Dizinin cesur yanlarından biri, Ed Gein’in cinsiyet kimliğiyle olan çatışmasını dürüstçe ele alması. Ed’in "bedenini değiştirmek değil, kendini tanımaya çalışmayı" istemesi, bu hikâyeyi klasik bir "cinsiyet disforisi" anlatısından çok daha derin bir yere taşıyor. Onun arzusu, kadın olmak değil; annesinin etkisiyle birlikte yeni bir kimlik arayışında olmak.

Murphy’nin kamerası, bu sahnelerde ne duygu sömürüsüne başvuruyor ne de aşırı pornografik bir estetik kullanıyor. Aksine, seyirciyi Ed’in zihnine hapsediyor. Böylece izleyici, onun tiksindirici eylemlerine tanıklık ederken aynı zamanda o zihnin bozulma sürecini de hissediyor. Bu yönüyle dizinin, hem psikolojik hem dini bir tartışma metni taşıdığını söylemek yanlış olmaz. Gerçeklerden kimi zaman kopan ve çoğunlukla kurguyla beslenen bu hikâyenin ahlaki yönü ele alış biçimi de takdire şayan. Zaten Ed ile bağ kurabilmemizi sağlayan en büyük etken de bu.

Karanlığın kökleri

Ed Gein’in çocukluğu dizide, karakterin tüm karanlığını anlamanın anahtarı olarak kullanılmış. Alkolik bir baba, nefret dolu bir anne, sevgisiz bir ev… Bu ortam, bir çocuğun hem korkusunu hem de kimliğini şekillendiriyor.

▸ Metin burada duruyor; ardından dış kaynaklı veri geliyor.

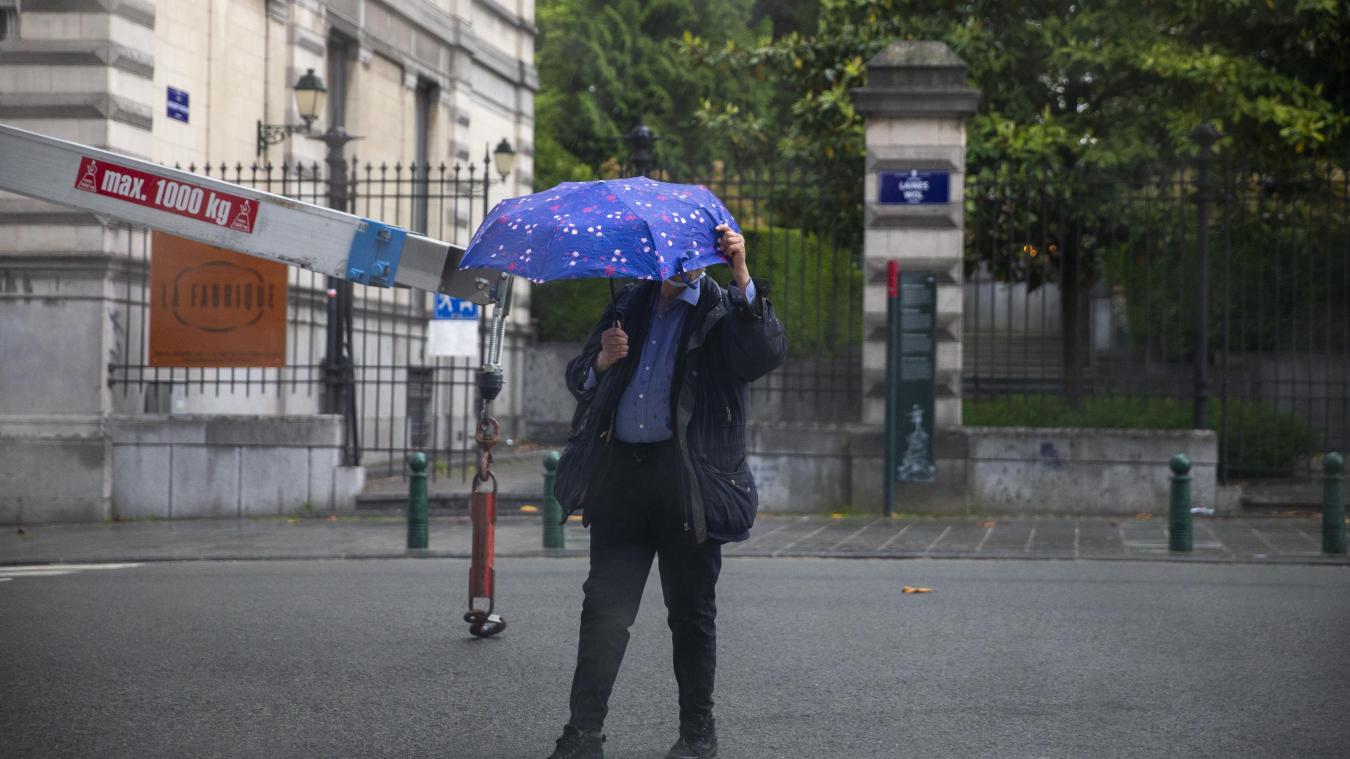 <p>Im Laufe des Tages ist mit Böen und andauerndem Regen zu rechnen.</p>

Özellikle annesinin "Seni bir anneden başka kimse sevemez" sözü, dizinin tüm ruhunu özetler nitelikte.

Burada dizi, suçun kökenine dair önemli bir cesaret gösteriyor. Ed Gein’in yaptıklarıyla asla haklı çıkarılmıyor, o suçların nereden geldiği gözümüze sokuluyor. Bu da Monster serisini diğer suç dizilerinden ayıran temel fark: Canavarlar doğmaz, belki de yetiştirilir.

Çürüyen kasaba ve Amerika

Dizinin atmosferi, Dahmer’dan bile daha karanlık. Wisconsin’in soğuk, donuk kasaba görüntüleri, neredeyse kasvetle iç içe çekilmiş. Kostüm tasarımları, set detayları ve mekân kullanımı adeta "çürüyen bir Amerika"yı resmediyor. Bu çürüme, Ed’in zihninin yansıması gibi. Seyirci olarak bu atmosferde nefes almak bile çok zor.

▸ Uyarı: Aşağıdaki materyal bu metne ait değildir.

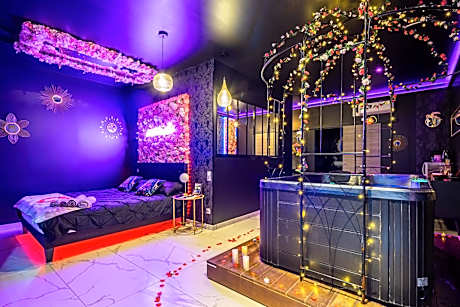 Sweet SECRET'S JACUZZI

Müzik seçimleri ve ışık kullanımı, klasik Murphy estetiğini taşıyor. Her şey biraz fazla gösterişli ama rahatsız edici biçimde de tutarlı.

Son söz

Monster: The Ed Gein Story, bir katil hikâyesi değil; insanlık tarihinin en rahatsız edici aynalarından. İzlemesi zor, sindirmesi daha da zor, ama sinematografik açıdan hayranlık uyandırıcı. Ed Gein’i anlamak, belki de kendi içimizdeki bastırılmış karanlığı görmekle benzeşiyor.

Richard Speck’in ona yazdığı mektuplar, Ted Bundy’nin onu "idol" olarak anması… Bütün bunlar, Ed’in hem yaşayan hem de yaşayanları şekillendiren bir hayalet haline geldiğini gösteriyor. Ve o hayalet, bu dizi sayesinde bir kez daha ete kemiğe bürünüyor.